İbrahim Kiras
Fransız göstergebilimci Barthes “Mitolojiler” eserinde Paris Match’ın bir sayısının kapak fotoğrafını yorumlar. Barthes’a göre, kapağına Fransız bayrağını selamlayan bir siyahi asker fotoğrafını koyan dergi, bununla bize şunu söylemektedir: “Fransa büyük bir imparatorluktur, renkli renksiz tüm oğulları bayrağının altında bağlılıkla hizmet eder, sözde sömürgecilik suçlayıcılarına, bu zencinin sözde sömürücülerine hizmet etme çabasından daha iyi bir yanıt olamaz.”
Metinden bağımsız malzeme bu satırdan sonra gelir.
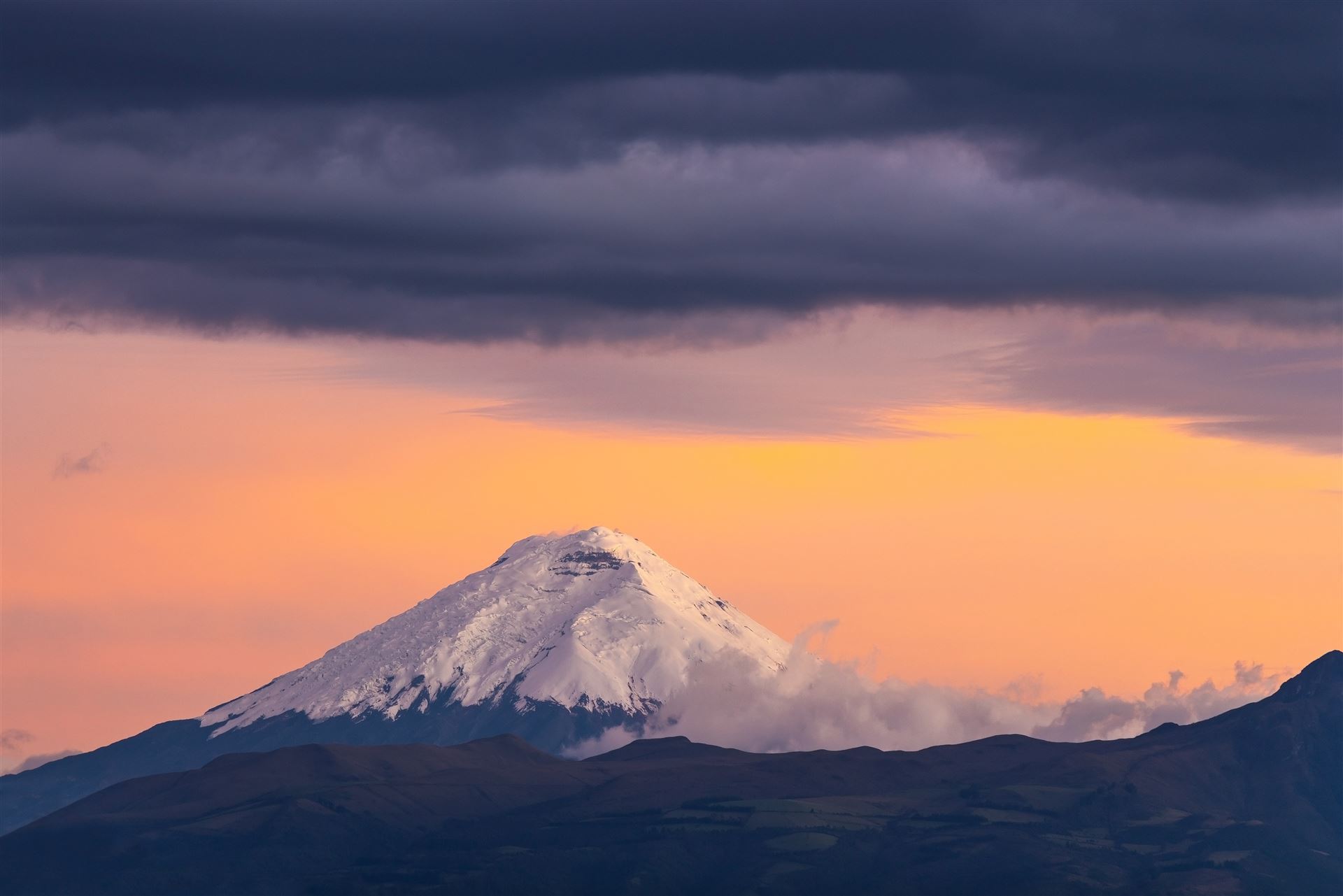 Cotopaxi Park mit Vulkan bei Sonnenuntergang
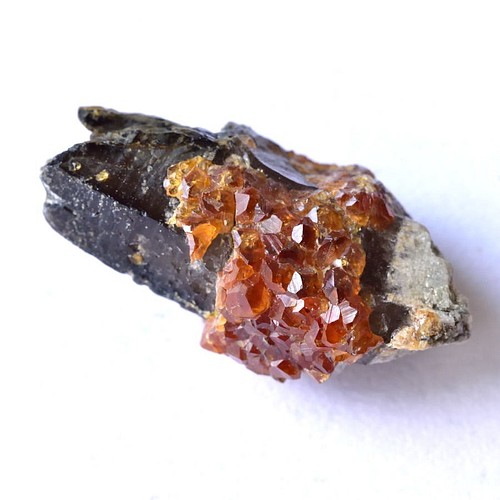 スペサルティンガーネット 満礬柘榴石 （タンザニア産）（※巨大結晶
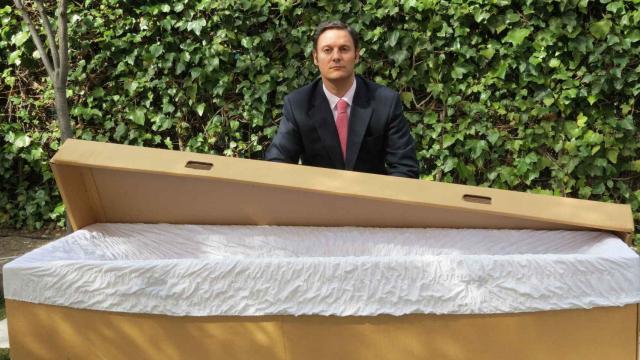 Javier Ferrándiz, creador de RestGreen, posa con uno de sus ataúdes de cartón.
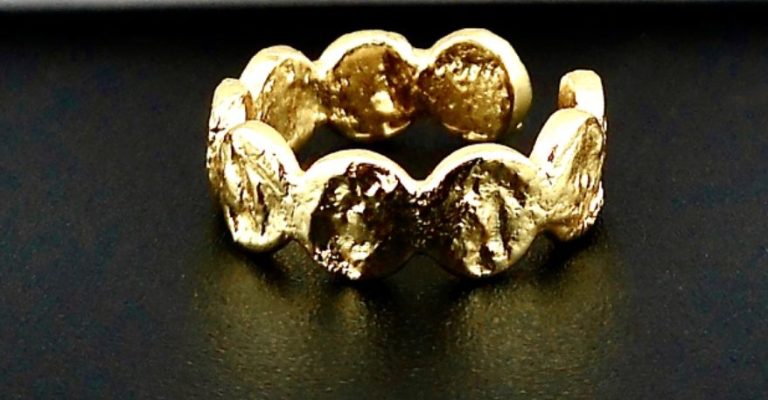 „Gold-Schwarz Designring – BSix® Jewelry“ „Goldfarbener Love Local® Ring mit schwarzen Akzenten und strukturierter Oberfläche.“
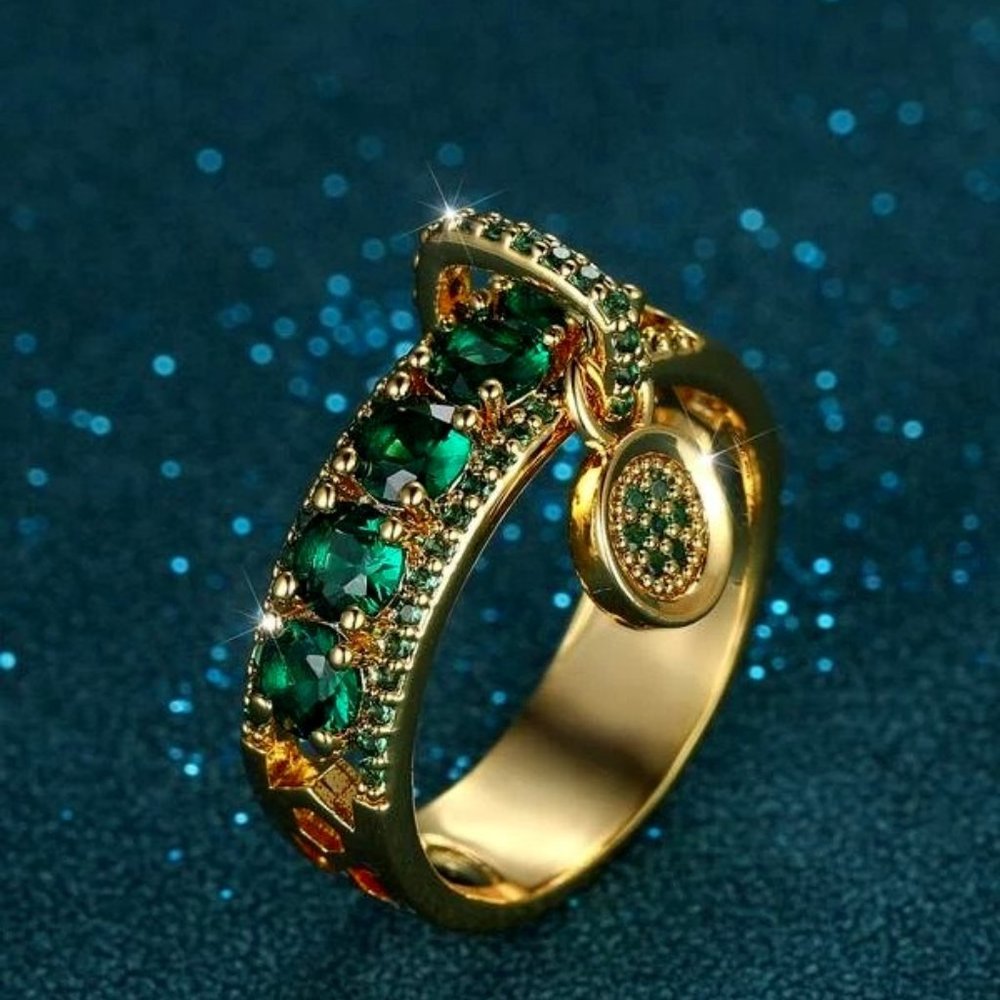 Green Rhinestone Décor Ring (Size 10)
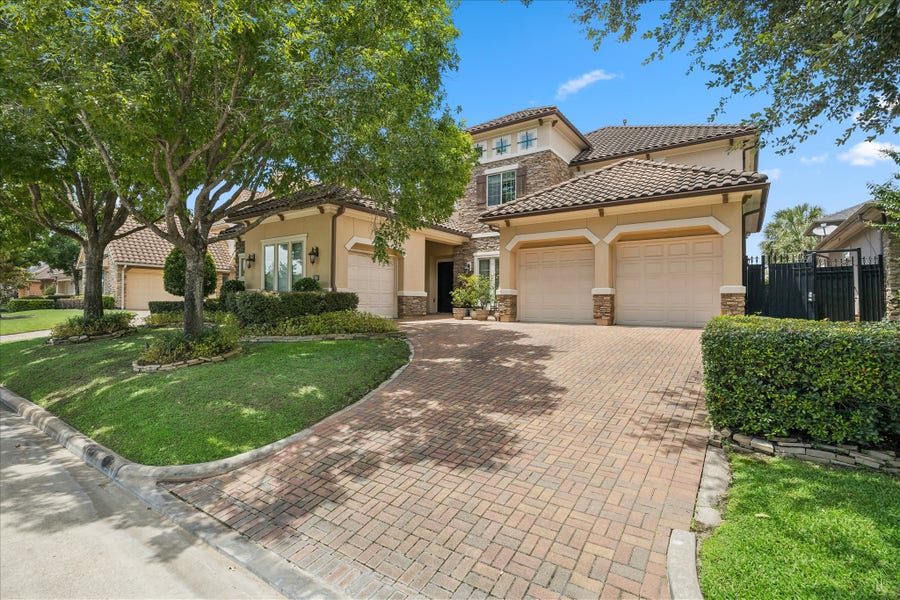Property photo for 11610 Montmarte Boulevard, Houston, TX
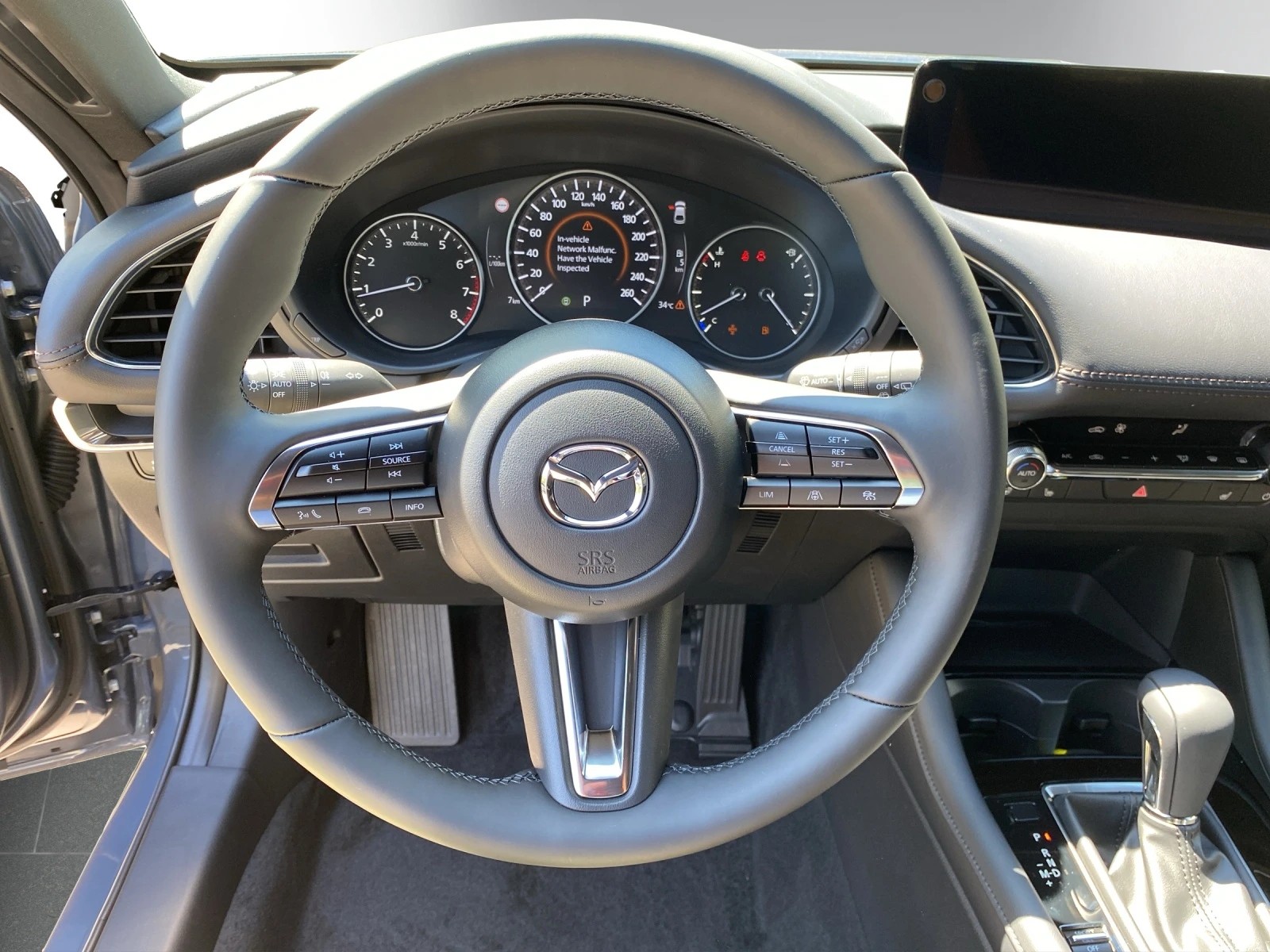 MAZDA 3 Hatchback SKYACTIV-G M Hybrid 140 Centre Line Automat-image-11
Ünlü sürrealist ressam Magritte de bir pipo resminin altına “Bu bir pipo değildir” ibaresini yerleştirmiştir. Yani “pipo resmi”dir gördüğünüz, “pipo” değil.
Demek ki resimdir, fotoğraftır, filmdir deyip geçmemek, bize hangi mesajın dolaysız veya dolaylı olarak verilmek istendiğine dikkat etmek lazım. Bu bakımdan Meclis açılış resepsiyonunda Erdoğan ile muhalefet liderlerini bir arada gösteren fotoğrafı da içerdiği dolaylı mesajlar üzerinden değerlendirmeliyiz.
Hatırlayacaksınız, 2023 seçimi öncesinde muhalefet liderlerini PKK yöneticileriyle bir arada gösteren fotoğraflar yayınlanıyordu. Ama montaj ama şu ama bu… İhtiyaç vardı o fotoğrafları göstermeye. Bugün ise muhalefet liderlerini bu sefer Cumhurbaşkanı ile yan yana gösteren fotoğrafların topluma gösterilmesine ihtiyaç duyuluyor demek ki…
Bu fotoğrafları çekip kamuoyuna servis ettiren irade bunun muhalefet cephesinde kavga çıkaracağını da öngörmüş müdür? Düşük ihtimal. Çünkü o kadar uzak görüşlü, öngörülü ve satranç oynar gibi siyasi hamleler yapabilen bir iktidar aklı mevcut olsaydı ülkenin durumu bugünkünden farklı olurdu herhalde. Ne var ki iki fotoğraf üzerinden çıkan kavganın sonuçlarının bir tek iktidara yarayacağı da muhakkak.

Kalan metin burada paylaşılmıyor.